La difesa contro queste patologie è infatti efficace solo se è già presente la foglia a bandiera. Un modello come granoduro.net ha individuato correttamente il timing, posizionando il trattamento nella seconda decade di aprile, ovvero circa tre settimane dopo l’intervento di diserbo. «Il trattamento anti-septoria effettuato troppo precocemente, in marzo, ha anche un negativo effetto psicologico: ti fa sentire protetto quando non lo sei, e l’effetto si paga sotto trebbia». E le indicazioni del modello si sono dimostrate efficaci anche nell’individuazione del rischio fusariosi che, dove presente, non si è abbinato quest’anno, come previsto, alla presenza di contaminazioni da Don.

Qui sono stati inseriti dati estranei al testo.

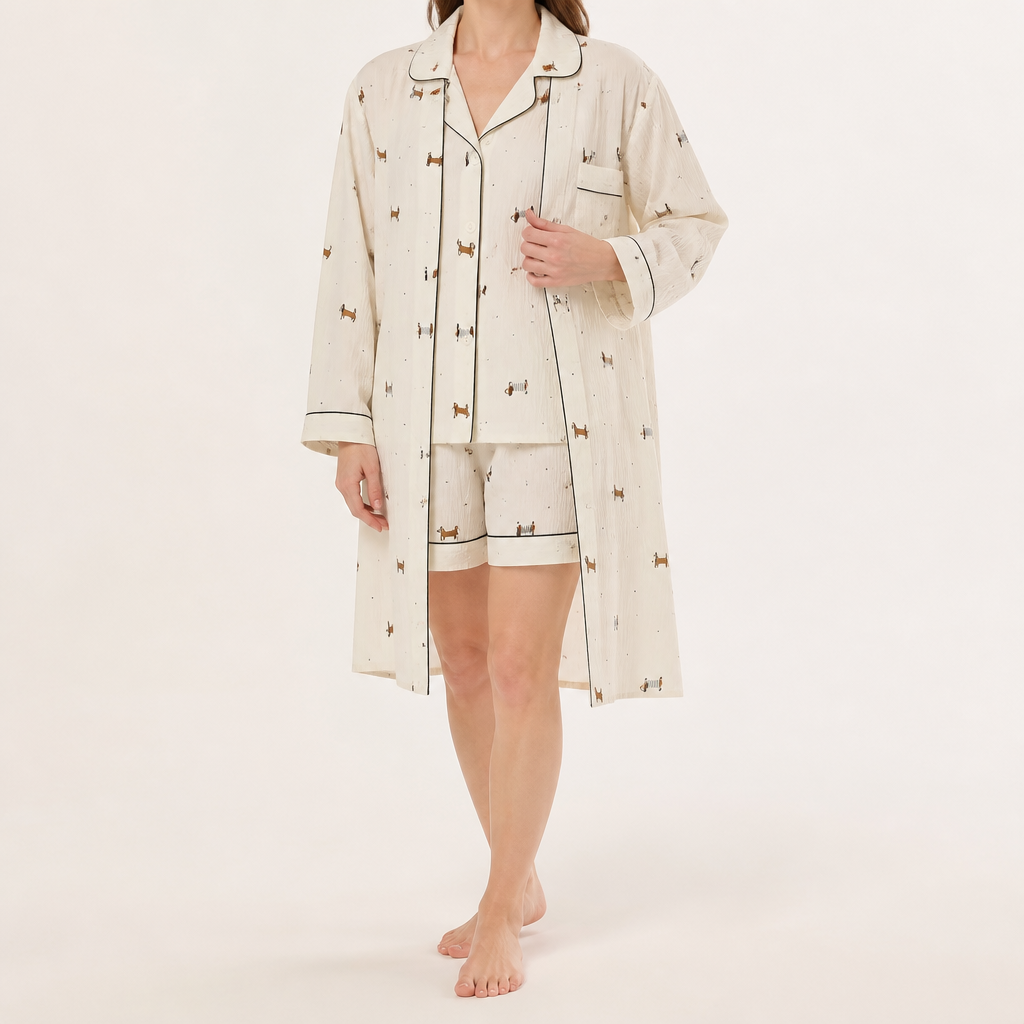 Maisie | Womens Cotton Three Piece Pyjama Set, Cream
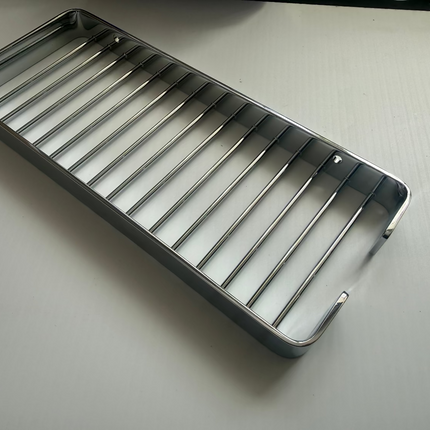 Single Tier Chrome Soap Basket On Plain Background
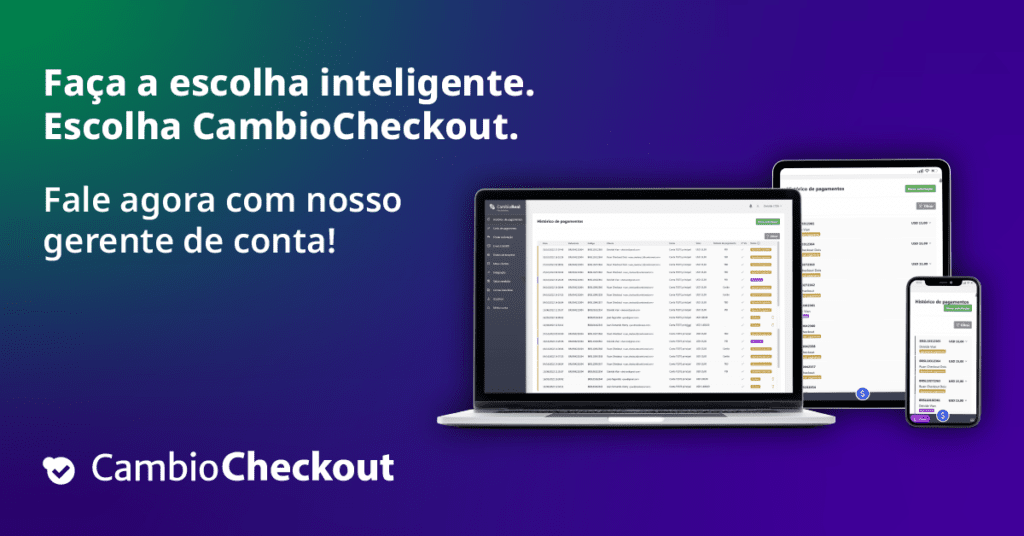 Publicidade do CambioCheckout, plataforma de transações internacionais da CambioReal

Guidi: «Il supporto digitale va integrato con l’esperienza personale»
Un’azienda agricola di 600 ettari a prevalente indirizzo cerealicolo a Codigoro (Fe) e un’esperienza di lungo corso nell’applicazione di Dss (sistemi di supporto alle decisioni).
Mario Guidi, ex presidente di Confagricoltura, Anb, Agrinsieme è la persona giusta con cui parlare di difesa digitale delle colture estensive. «Utilizzo i modelli di Horta, Fieldview e aderisco al modulo di sostenibilità della Carta del Mulino di Barilla».
L’abbinamento tra le indicazioni agronomiche georeferenziate e gli allerta fitopatologici forniti dai diversi modelli assicura un sicuro vantaggio tecnico. «Soprattutto se queste indicazioni sono mediate dall’esperienza personale». L’interattività è insomma un vero asso nella manica per Guidi. «Difficilmente un Dss risulta utile sin dal primo anno di utilizzo, soprattutto per un’azienda estesa e articolata come la mia».
I dati, anche quelli meteo, vanno infatti affinati anche in base ai rilievi delle centraline aziendali. «È importante che le indicazioni dei modelli siano interpretate in base alla gestione agronomica dei diversi appezzamenti e che l’efficacia degli interventi sia valutata con i rilievi satellitari».
Con queste accortezze Guidi è riuscito a difendere efficacemente i suoi 100 ettari di frumento duro e i 120 di tenero, ottenendo, anche nel difficile 2023, risultati record in un’areale come quello ferrarese colpito dall’emergenza climatica dello scorso maggio. 65 q/ha è stata infatti la media del frumento duro, con caratteristiche qualitative di pregio; 80 q/ha per il tenero, con punte di 87 q/ha per le varietà biscottiere.